Counting the Deviled Egg Disaster of Easter 2015 as the recent (and glaring) exception, I think I’m a Pinterest Mom. And even so, the Deviled Egg Disaster of Easter 2015 was inspired by the famed pin site.
It was like Night of the Living Dead meets a traditional, holiday appetizer.
When my husband said that the only thing he cared about on Easter was that I make a lot of deviled eggs; oh and by the way can you make those guacamole ones?; oh hey you should do those colored ones you did a few years ago…; oooh look at those bleu cheese buffalo spiced deviled eggs … well you can see I was overwhelmed. I also saw a pin where the person made the deviled eggs look like baby chicks, and immediately felt up for the challenge. This is around where it fell apart – I was just in way over my head.
It also didn’t help a single bit that my husband’s cousin and his wife showed up with this bullshit cheese and chartreuse platter. I call it bullshit because it was SO. DAMN. AMAZING that it put everyone else’s nonsense to shame. I could have brought in a watermelon carving fashioned in the likeness of Jesus Christ himself, and it wouldn’t compare to that goddamned cheese and chartreuse platter. They actually hand-carved the platters at home, out of what I can only assume was wood they gathered from the homes of the gods on Mount Olympus.
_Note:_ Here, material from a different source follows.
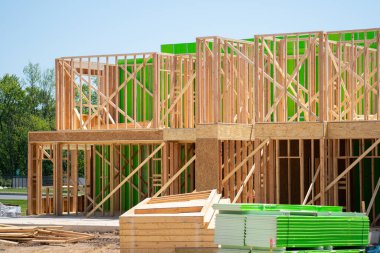 Mavi gökyüzü kontrplak maddesine karşı çerçevelenen yeni konut inşaatı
So you can see, in the case of the Deviled Egg Disaster of Easter 2015, I was set up to fail from all sides. But this isn’t the normal course of affairs.
Usually I’m all over baking homemade dog treats, making my own laundry detergent, and hanging cutesy signs through out the house – that I happened to cross-stitch or paint out of, naturally, up-cycled materials I already had around the house.
Consider Exhibits A and B. After spending hours working on these, I can’t help but wonder if (a) anyone in my house will ever pay attention to them; or, (b) just how insane others will think I am when they visit the house.
I mean really… sock buddy system? How annoyingly cute can we get here?
Birthday parties aren’t just birthday parties anymore. They are events. Events where every food item is perfectly labeled.
Themes and color schemes are strictly adhered to.
And there is always – ALWAYS – a dessert table.
In Exhibit F you’ll see I’ve created a monogram for our family. It’s a fusion of our last name initials (P and S), and has taken over our house in monogrammed towels, wall letter art, and the labels I put on everything.
I actually have a day set each month to make more of those labels.
As time goes on, I’m making more and more from scratch. I’m getting to the point of needing nothing more than a cow, and I will be fully sufficient. I can for canning season. I make homemade dog food, from-scratch Chex Mix, and homemade butter.
Yes – moving on to Exhibit G, now – I make my own butter. As in I churn it.
And on the off chance that I’ve missed a beat, or something comes up like the Deviled Egg Disaster of Easter 2015, I feel that I have failed. Failed miserably – not only as a Pinterest user, or a Pinterest mom, but as a human being altogether.
Why? Because like many of you, I can’t help but compare myself, both to others as well as to that vast world of pins and pictures and examples of the far greater things out there. As I see it, Pinterest is just the new era of Better Homes and Gardens and Modern Woman magazines. And this is why women have been comparing themselves for ages.
We could talk about the social problems with this for ages, the fact that it happens is just that: a simple fact. No matter how many positivity-be-myself-and-love-it articles I read on Buzzfeed and Huffington Post, a part of me is always going to wonder if I could do as well as the others.
But it isn’t just a matter of self-comparison, because – quite frankly – a lot of the time I couldn’t give a lick about what others do. It’s more like a challenge. There is better out there, and I know I can do better. So I’m going to (unless it has anything to do with deviled eggs).
So I think I’m a Pinterest Mom. That means that a lot of you hate me. Like really-really hate me; like you’ve written your own articles about how I’m a big asshole making everyone else look like a pile of crap.
And here I am, feeling like my own pile of crap because of a fucking cheese platter.
Well there are a few saving graces, here. (One) is that a lot of my Pinterest projects likely come out looking more like the Deviled Egg Disaster of Easter 2015 than I’m able to admit. (Two) is that unlike a lot of people I know, I can only keep up charades for a relatively short period of time. Which means that before we know it I’ll be back to my bargain basement decorating skills, coupled with parties that consist of no more than a bucket of chicken on my cluttered dining room table.
As I get ready to make a Moving Day Binder out of printables I printed off Pinterest tomorrow (that is, literally, the only thing I have planned for the entire day), I hold steadfast in my hope that this Pinterest Mom phase will pass quickly.